My social life revolved around the Leggs, Alun Steer and his Yugoslavia
girlfriend, Nuja, my journalistic efforts (held over from my Santa Barbara
days) and my college friends. Through my
friend Alaba (Vincent) Akinsete at Cat’s I met Bittan (Mai-Britt) Hallquist, a
Swedish student studying English in Cambridge. We became good friends, having
had many lunches, etc., together with the boys from Cat’s, at The Gardenia,
The Whim, The Copper Kettle, and all those other places that students piss away
their indolent hours when they should be studying. Socio-sexually inexperienced
that I was, I enjoyed the attentions of Bittan. I was most curious about
Sweden. So, with Alun Steer having gone off to Germany to study for the
Michaelmas term of 1960 and his heading home to England for Christmas, I
contrived a little trip to the Continent: from Tilbury to Gothenberg, Sweden
via North Sea ferry, thence by train to Stockholm, where I would then train
down the 20 miles to see Bittan in Tumba, then back up to Stockholm and then
train, via Copenhagen to Hamburg, where I would meet up with Alun and then we’d
return home to England on a student train, arriving on December 23rd. It was an
interesting trip—Mary Ann making no objection, providing I was back before
Christmas.
Bittan met me, along with heavily falling snow, when I arrived at the
station in Tumba. She told me it was Santa
Lucia night and there would be a small festival down at the local school. This
was the formal arrival of winter, the festival of lights, wherein one 13-year-old
school girl who’d been elected to the role of Lucia, would lead a candlelight procession from one part of town
down to the school. This was to be followed by a dinner of nearly all the
adults in the town. It was quite impressive to see the strings of hand-held
candles coming from all the different lanes, converging on the High Street and
moving en masse down to the school. Dinner
was quite gay and I was one of the centers of attraction. I was taught how to skål and consumed many of the little
chilled shots of aquavit. The next
day Bittan offered to accompany me up to Stockholm and spend my last day in
Stockholm with me before I left on the train to Copenhagen. It was a fun day
and we ended up at the Regina Hotel, a modest place in the center of town. We
each got single rooms—on different floors. We said a warm farewell at the train
station the following day—I would be in Copenhagen by late afternoon.

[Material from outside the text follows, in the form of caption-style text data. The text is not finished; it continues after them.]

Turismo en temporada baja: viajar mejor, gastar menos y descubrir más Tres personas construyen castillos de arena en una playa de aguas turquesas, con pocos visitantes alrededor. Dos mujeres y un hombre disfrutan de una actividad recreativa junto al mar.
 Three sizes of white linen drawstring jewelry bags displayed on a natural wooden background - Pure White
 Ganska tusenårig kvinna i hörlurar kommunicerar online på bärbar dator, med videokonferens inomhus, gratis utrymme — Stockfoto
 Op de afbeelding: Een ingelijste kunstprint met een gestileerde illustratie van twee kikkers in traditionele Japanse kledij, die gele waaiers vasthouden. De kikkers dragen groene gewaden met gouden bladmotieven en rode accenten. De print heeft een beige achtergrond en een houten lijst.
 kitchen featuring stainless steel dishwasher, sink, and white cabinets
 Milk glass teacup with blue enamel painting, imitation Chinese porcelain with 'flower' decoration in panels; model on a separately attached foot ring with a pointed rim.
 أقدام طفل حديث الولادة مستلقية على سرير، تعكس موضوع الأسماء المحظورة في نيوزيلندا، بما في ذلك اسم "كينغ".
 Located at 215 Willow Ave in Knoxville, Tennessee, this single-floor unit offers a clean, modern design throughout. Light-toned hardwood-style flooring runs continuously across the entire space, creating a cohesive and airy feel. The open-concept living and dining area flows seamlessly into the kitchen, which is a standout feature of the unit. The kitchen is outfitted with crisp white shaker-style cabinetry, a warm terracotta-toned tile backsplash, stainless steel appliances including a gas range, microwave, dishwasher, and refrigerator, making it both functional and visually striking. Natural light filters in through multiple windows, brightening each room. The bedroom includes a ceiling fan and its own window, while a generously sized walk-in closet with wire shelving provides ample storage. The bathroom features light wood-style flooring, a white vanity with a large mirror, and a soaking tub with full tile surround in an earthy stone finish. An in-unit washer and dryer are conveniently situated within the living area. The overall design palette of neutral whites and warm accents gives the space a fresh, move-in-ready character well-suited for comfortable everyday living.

I can’t remember much about Copenhagen and Hamburg except that I knew
no one in the former and Alan was not very helpful, socially, in the latter. We
enjoyed several evenings in the student beer cellars and I was introduced to
several English-speaking students. I remember but one problem with the
English-German translating. There was this young couple, Hans and Gerda, quite
attractive, in their mid-20s. They seemed quite attached and quite vivacious. In
an effort to get to know them better I asked them how long they had been “going
together.” What I didn’t know was that the term, translated literally into
German, means “having sexual intercourse”—as in “how long have the cow and bull
been going together?” There was a hushed pause in the conversation, the two
looked at each other, blushed visibly, then burst out laughing. They realized
that my question, quite innocent, had missed its meaning in translation. My
puzzlement in their laughter was allayed by Alun’s explanation and the good
times continued.
As it turned out, Alun had much work undone and he would be unable to
accompany me back to England. I was disappointed at having to make the long
haul back on my own. But he introduced me to three Art students who were
travelling in that direction, so I would have some companionship. They were an
Italian, an Englishman, and a German—it looked like, with my French, we had all
the language bases covered, if needed.
I remembered we arrived at the Hamburg railway station on the day of
our travel quite late at night. It seemed quite eerie and foreboding to me;
winter, late night, foreign country. And the German love of uniforms. It seemed
that even the S-Bahn conductors looked like SS men in their black uniforms with
their peaked caps. I felt like I was in an old black & white B movie and
expected Conrad Veidt to emerge any minute in a Gestapo uniform. The German I
heard in the background certainly helped to set the mood.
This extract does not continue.